In short, it helps you stop relying on vibes and start relying on math, without turning everything into a textbook.

Double Board PLO Bomb Pot Strategy Tips

Bomb pots reward hands that can win big across multiple boards, not hands that look cute on one board but are fragile on the other. Here are some practical strategy tips that hold up in most double board games.

Think in scoops, not just “am I ahead”

Winning one board is nice, but the real money comes from scooping or freerolling a board while having live equity on the other. If you are only ever playing for half, you will often get stuck in thin spots where you are investing too much to win too little.

Prioritize nut draws and strong made hands

Second best flushes, weak wraps, and dominated straights get punished hard in bomb pots. Multiway action means someone shows up with the nuts a lot more often than you want to believe.

Be honest about dominated draws

A draw can look huge and still be in terrible shape if you are drawing to non nut outs. If you are chasing a straight where the nut straight is available, or you are on a flush draw that loses to higher flushes, your outs are not all clean. This is exactly why strict outs filtering matters.

Sometimes playing for half is correct

There are plenty of spots where your best route is to lock up one board and reduce variance on the other. The key is knowing when you are locking up a board for real versus when you are still vulnerable to common runouts.

Use turn and river pressure wisely

In bomb pots, people overvalue medium strength hands because everyone is in. If you have nut advantage on a board and strong scoop potential, applying pressure on turns and rivers can print. If your story relies on running perfect, slow down and pick better spots.

What is a Double Board PLO Bomb Pot?

A Special Game Mode Often Played the Hand Following a Monotone Flop, where Everyone Posts Preflop, 2 Flops are Dealt & the Pot is Split Between the Winners of Each Board

A bomb pot is a hand where every player posts an agreed amount preflop, and the hand skips the preflop action. Everyone is already in the pot, then the dealer runs the flop immediately. In PLO, bomb pots are usually played multiway, which makes equities run much closer and makes nut advantage matter even more.

A double board bomb pot means two boards are dealt at the same time. The pot is split between the winners of each board. If the same player wins both boards, they scoop. If different players win each board, they split.

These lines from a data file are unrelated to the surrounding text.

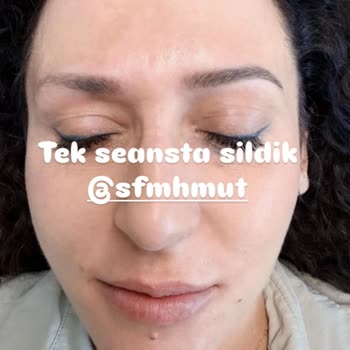 Yanıltıcı Reklam Ve Gerçekleşmeyen Kaş Silme Vaadi Nedeniyle Ücret İadesi Talebi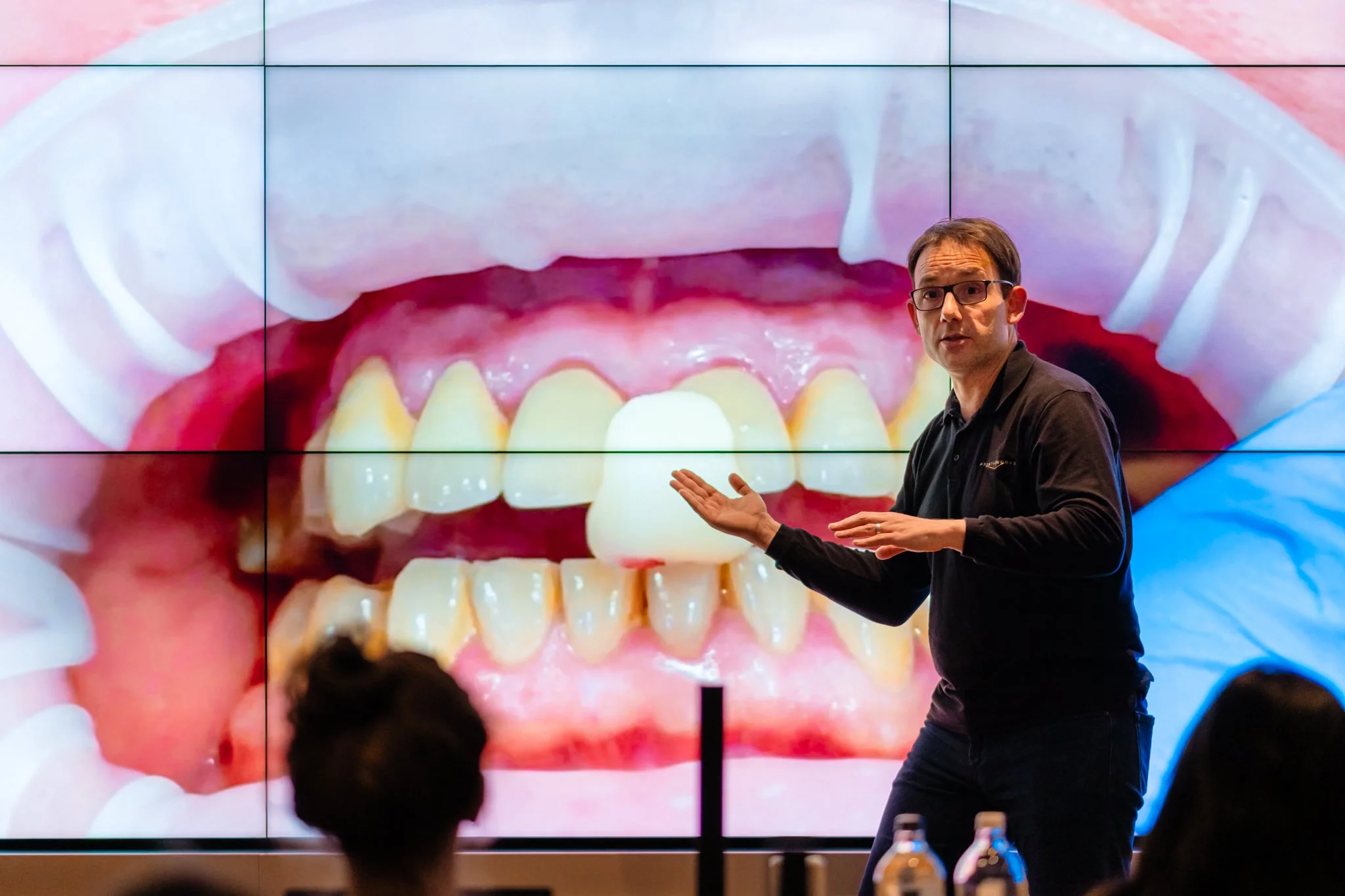 Prosthoworks_toothwear_march13th-94.jpg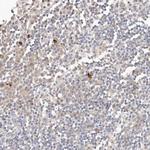 FAM54A Polyclonal Antibody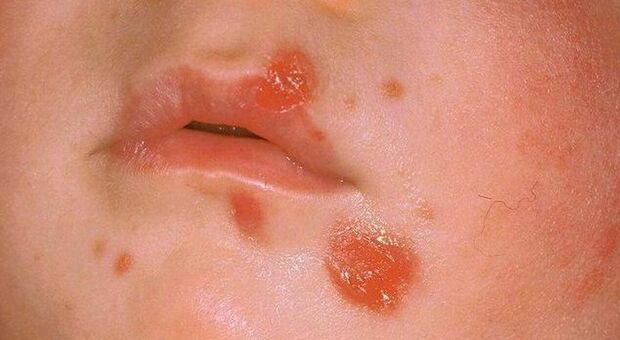 https://statics.cedscdn.it/photos/MED/2025/06/10/8889920_10164938_herpes_labiale.jpg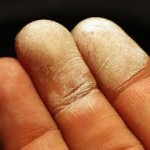35% Hydrogen Peroxide bleaches just from touching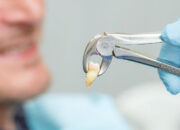 Biaya Cabut Gigi Geraham Bungsu: Info Lengkap dan Prosesnya!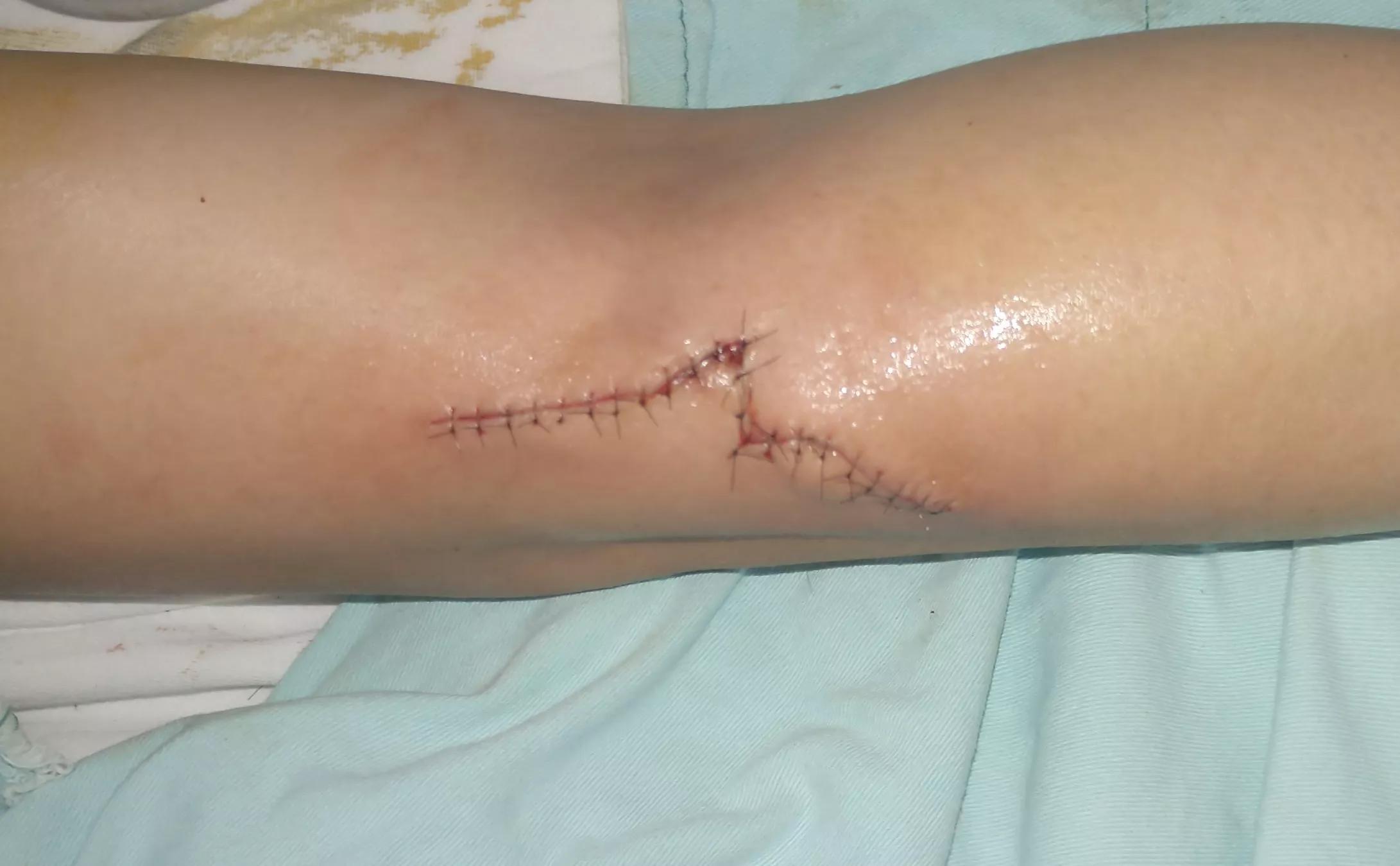 伤口美容缝合跟普通缝合比较图,皮肤缝合的手法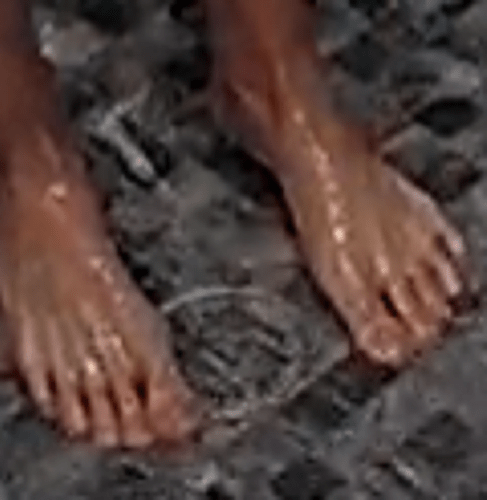 feet Roisin 8-2-22 2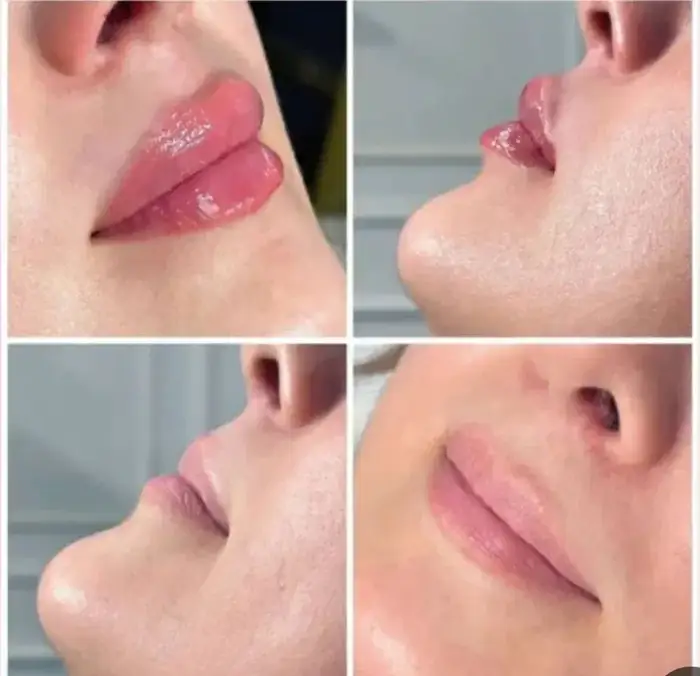 اجاره اتاق 18متری از مطب زیبایی در خیابان معلم تبریز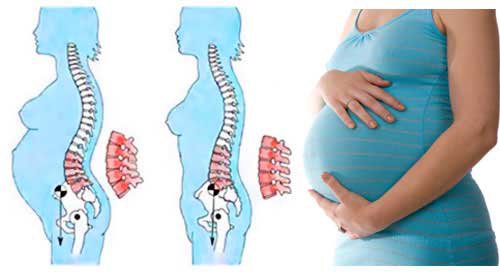 Dấu hiệu đau lưng khi mới mang thai
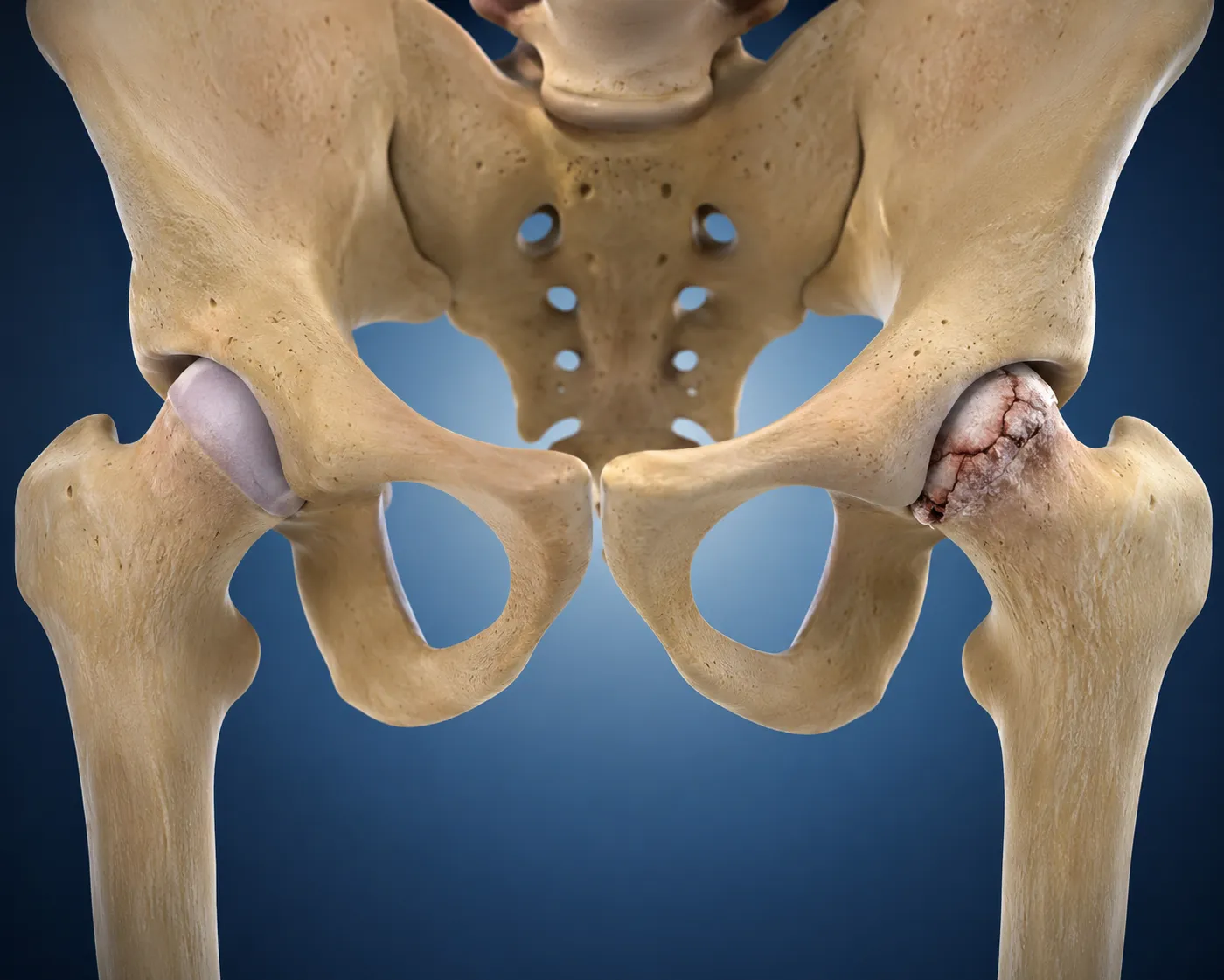 Avascular Necrosis of the Hip: Early Symptoms, Causes, and Treatment Options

Ties can create chops and quarters depending on the house rules.

Double Board PLO Bomb Pot FAQ

What is a bomb pot in PLO

A bomb pot is a hand where everyone posts preflop and the action starts on the flop. In PLO, bomb pots are commonly played multiway and often include double boards.

How do you win a double board bomb pot

You win by having the best PLO hand on one board to win that half of the pot. If you win both boards, you scoop the entire pot. If different players win each board, the pot is split.

Why are my outs not showing

Most of the time, it is for one of these reasons:

  • You currently have the best hand on that board, so you are not considered behind and the outs panel focuses on other players.
  • The cards that improve your hand still cannot win or tie versus the opponents, so they are filtered out to avoid noisy outs lists.
  • There are too few unknown cards left, so the meaningful outs count is naturally small.

Does the tool account for ties and chops

Yes. Each board is evaluated for wins and ties, and the combined outcome reflects common bomb pot realities like splits, chops, and situations where multiple players share a board result.

What does it mean to get quartered in a bomb pot

Getting quartered usually means you only receive a quarter of the total pot because one half is split between multiple players, or you tied for a board while losing the other board. It happens a lot in multiway double board games.

What is the best way to study bomb pots with this calculator

Save a few real hands from your sessions, plug them in street by street, and compare what you thought your equity was versus what it actually was. Pay special attention to dominated draws and how often safe turns are not actually safe in multiway pots.